▶ Your instructions:
Look for "Atlas" in the material below and show each line that contains it.

** Data excerpts follows **

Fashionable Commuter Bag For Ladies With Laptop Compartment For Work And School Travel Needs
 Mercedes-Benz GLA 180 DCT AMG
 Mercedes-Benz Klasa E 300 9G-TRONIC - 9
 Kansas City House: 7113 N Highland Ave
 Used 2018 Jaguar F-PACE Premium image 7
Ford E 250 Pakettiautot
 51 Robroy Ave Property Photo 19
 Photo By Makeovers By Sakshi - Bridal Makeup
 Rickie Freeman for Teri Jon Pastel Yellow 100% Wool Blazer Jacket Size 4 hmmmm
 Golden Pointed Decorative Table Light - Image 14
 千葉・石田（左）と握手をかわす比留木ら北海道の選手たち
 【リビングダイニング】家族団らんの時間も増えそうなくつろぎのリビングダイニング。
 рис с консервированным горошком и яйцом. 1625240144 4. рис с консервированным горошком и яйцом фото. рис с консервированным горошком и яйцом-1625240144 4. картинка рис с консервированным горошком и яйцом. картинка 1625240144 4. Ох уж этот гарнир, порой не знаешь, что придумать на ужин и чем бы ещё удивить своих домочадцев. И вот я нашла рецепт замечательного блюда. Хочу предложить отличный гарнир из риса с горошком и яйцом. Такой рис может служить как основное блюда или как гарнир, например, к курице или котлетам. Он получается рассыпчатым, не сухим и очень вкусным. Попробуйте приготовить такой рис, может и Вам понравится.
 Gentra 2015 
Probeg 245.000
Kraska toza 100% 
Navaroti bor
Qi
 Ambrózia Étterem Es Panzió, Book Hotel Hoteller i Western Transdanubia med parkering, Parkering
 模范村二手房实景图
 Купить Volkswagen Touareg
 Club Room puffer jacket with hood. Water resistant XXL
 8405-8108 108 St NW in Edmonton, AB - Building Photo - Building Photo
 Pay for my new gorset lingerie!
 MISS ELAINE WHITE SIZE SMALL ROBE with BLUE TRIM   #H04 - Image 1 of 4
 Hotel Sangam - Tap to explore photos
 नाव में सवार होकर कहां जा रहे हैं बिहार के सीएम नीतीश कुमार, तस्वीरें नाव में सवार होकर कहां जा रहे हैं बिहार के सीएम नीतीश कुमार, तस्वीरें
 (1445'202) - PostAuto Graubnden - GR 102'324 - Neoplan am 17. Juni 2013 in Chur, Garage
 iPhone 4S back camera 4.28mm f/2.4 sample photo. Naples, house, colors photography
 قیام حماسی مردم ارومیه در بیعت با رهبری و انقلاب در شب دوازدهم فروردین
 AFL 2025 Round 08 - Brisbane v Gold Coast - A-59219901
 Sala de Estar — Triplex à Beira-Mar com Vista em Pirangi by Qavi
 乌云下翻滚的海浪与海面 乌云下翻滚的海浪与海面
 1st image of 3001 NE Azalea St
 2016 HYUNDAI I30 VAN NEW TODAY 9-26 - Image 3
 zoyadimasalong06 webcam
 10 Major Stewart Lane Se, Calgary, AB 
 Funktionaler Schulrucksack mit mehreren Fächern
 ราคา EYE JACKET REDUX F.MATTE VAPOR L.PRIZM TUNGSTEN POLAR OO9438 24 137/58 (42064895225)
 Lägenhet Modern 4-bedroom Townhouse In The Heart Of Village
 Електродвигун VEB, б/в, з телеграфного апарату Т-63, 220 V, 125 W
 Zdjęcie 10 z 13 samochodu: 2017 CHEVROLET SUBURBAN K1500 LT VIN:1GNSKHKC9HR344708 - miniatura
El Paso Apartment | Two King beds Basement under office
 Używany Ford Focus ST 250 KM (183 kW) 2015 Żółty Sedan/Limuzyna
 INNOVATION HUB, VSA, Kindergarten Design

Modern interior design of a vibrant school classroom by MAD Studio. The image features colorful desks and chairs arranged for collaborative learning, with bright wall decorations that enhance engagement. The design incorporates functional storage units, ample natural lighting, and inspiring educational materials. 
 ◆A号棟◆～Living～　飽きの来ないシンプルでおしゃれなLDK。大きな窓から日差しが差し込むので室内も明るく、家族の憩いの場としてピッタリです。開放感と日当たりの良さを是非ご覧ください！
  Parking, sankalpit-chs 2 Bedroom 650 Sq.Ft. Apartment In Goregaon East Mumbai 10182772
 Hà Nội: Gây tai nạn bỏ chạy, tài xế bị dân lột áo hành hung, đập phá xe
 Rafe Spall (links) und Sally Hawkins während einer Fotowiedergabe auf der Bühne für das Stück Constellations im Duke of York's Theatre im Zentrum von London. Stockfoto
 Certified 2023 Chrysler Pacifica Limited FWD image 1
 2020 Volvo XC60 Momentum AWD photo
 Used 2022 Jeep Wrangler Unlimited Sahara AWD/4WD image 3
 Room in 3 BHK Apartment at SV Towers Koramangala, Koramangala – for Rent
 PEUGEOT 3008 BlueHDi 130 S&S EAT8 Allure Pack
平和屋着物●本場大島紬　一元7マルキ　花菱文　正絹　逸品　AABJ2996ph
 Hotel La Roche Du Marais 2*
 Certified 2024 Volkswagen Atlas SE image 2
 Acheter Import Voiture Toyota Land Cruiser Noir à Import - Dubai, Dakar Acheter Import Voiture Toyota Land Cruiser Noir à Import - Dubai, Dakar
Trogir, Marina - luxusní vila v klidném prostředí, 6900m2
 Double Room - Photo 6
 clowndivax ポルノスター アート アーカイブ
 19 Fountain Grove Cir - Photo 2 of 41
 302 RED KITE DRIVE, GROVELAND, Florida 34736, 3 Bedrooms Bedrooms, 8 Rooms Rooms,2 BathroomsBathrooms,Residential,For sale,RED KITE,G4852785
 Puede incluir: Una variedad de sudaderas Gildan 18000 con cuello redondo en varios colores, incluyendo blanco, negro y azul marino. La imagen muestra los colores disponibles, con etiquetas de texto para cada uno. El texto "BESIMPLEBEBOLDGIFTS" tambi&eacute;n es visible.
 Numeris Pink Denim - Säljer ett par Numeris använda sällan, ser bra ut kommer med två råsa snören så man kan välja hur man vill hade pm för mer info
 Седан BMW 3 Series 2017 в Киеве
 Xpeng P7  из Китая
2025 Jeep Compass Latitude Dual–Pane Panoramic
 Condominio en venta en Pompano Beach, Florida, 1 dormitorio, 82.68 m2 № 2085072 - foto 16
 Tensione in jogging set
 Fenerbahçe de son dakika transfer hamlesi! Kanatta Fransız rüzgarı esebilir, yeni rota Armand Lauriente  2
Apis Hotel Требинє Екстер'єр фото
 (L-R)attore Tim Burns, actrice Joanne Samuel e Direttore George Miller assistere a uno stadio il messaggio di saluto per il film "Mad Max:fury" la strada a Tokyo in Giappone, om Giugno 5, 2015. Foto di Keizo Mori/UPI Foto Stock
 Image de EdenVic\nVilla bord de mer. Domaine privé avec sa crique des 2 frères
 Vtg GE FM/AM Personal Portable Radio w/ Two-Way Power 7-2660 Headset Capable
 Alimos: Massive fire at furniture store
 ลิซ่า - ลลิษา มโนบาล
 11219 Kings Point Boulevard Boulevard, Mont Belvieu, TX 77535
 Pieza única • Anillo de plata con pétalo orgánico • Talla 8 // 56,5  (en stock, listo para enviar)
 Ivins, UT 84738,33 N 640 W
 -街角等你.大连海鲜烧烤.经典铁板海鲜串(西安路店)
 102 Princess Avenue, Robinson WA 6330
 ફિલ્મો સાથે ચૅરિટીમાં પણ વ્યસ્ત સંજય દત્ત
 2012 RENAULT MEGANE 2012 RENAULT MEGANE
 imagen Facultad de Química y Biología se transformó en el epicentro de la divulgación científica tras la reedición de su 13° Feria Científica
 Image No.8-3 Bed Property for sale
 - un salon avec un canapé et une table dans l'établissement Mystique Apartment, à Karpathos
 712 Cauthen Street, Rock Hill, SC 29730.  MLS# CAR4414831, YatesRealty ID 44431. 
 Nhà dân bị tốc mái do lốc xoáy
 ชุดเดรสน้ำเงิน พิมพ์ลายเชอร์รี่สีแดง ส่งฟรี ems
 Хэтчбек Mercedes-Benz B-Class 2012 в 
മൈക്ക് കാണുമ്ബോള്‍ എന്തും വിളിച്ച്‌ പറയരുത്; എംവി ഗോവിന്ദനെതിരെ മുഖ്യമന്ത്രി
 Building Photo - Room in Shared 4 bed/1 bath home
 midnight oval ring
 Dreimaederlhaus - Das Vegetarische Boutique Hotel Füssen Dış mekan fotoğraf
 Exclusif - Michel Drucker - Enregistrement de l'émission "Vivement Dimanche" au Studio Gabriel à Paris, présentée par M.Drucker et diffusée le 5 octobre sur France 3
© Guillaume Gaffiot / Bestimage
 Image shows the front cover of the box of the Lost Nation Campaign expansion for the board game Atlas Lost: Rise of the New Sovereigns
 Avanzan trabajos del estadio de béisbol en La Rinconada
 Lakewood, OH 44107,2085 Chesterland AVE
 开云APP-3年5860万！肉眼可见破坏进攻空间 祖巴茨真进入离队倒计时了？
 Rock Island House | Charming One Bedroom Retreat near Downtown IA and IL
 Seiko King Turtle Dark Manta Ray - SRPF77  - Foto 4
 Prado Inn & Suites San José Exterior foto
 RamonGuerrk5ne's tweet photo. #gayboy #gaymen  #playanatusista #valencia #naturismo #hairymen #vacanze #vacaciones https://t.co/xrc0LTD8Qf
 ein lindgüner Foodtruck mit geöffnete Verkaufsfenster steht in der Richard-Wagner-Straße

** End of Data excerpts **

▶ Response to this task:
 Certified 2024 Volkswagen Atlas SE image 2
 Image shows the front cover of the box of the Lost Nation Campaign expansion for the board game Atlas Lost: Rise of the New Sovereigns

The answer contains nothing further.